Cecil Andrew Olsen
June 23, 1929 ~ Jan. 8, 2020
Cecil Andrew Olsen passed away on January 8, 2020, due to complications from dementia.
When Cecil wrote this brief autobiography many years ago, he had no idea it would some day be used as part of his obituary. He was born on June 23, 1929, to Arthur and Lola (Carter) Olsen.
“I was born shortly before the start of the Great Depression in a little town in Idaho called Culdesac. About a year later my parents moved to a little farm about 6 miles N.E. of Reubens, Idaho. My first two schools were one-room schools with grades 1 through 8; however, there were only 8 or 9 students in the entire school. During my 6th grade year we moved to a ranch near Craigmont, Idaho. I graduated from high school in Craigmont and enrolled in college at Northern Idaho College in Lewiston. After my second year there the state closed the school because of a slow down in the economy. I transferred to Eastern Washington State College where I earned my BA in education. I later received an MA in education at the University of Idaho.

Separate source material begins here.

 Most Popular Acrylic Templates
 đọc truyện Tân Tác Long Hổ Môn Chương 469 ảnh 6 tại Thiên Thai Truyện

“In the fall of 1953 I signed a contract with the Kennewick School District to teach the 5th grade for $3600 a year (Wow!). The school was a series of old army barracks. Each barracks contained three classrooms tandum style. The wind blew almost every day and sand would pile up inside the windows. Most of the students came from a couple of nearby trailer courts and their parents were workers who followed the seasonal work. My class size ranged from 35 to 45 students. The kids were great and I enjoyed them very much! I had a chance to sign a contract with the Camas School District to teach the 6th grade the next fall. I took it!
“I married my college sweetheart, Nona Franklin, and together we raised our son, Gregory, who was born in 1959.
“Camas has been good to me. I have been able to experience various roles as an educator here. I was appointed Jr. High vice principal in 1958 and in about 1960 I was appointed Jr. High principal, a position I held until about 1969 when I was asked to go back into the classroom and teach. A few years later I was asked to again be Jr. High principal. I did that until the school changed to the Middle School concept. I then took over the Driver Ed. program in the High School and was there until I retired in July of 1984.
“I have several interests and hobbies: photography, watercolor paintings, hunting, camping, fishing, traveling, dancing, but my favorite is flying, which I started doing as soon as WWII was over. I delivered groceries to earn money to fly. I took my first lesson in October, 1945, and I was hooked! I sold my interest in my last airplane a few years after I retired because it became a very expensive hobby. I’m into carving wild waterfowl now. I take great pride in my work and have won many ribbons with my lifelike show entries.
“After I retired I met and married my wife, Connie, and we have spent 35 wonderful years together, traveling and spending winters in Arizona.
“Camas is a great place to live. I have so many fond memories of my students and so many great stories to tell. Would I do it over again? You bet!”
Cecil believed in being honest, working hard and helping others whenever he could. He was known for his wry sense of humor and his ability to fracture the English language. He loved having a good time and connecting with people.
Cecil is survived by his wife, Connie, of Washougal, WA and his son, Greg.
He requested that there be no memorial service because, as he said, “My funeral could be held in a phone booth due to the amount of people showing up.”and that he be buried next to his parents in Lewiston, Idaho, with a private graveside service at that time.
In lieu of flowers, the family requests that contributions be made to PeaceHealth SW Hospice, P.O. Box 1600, Vancouver, WA 98668 or Alzheimers Assoc., www.alzheimers.org.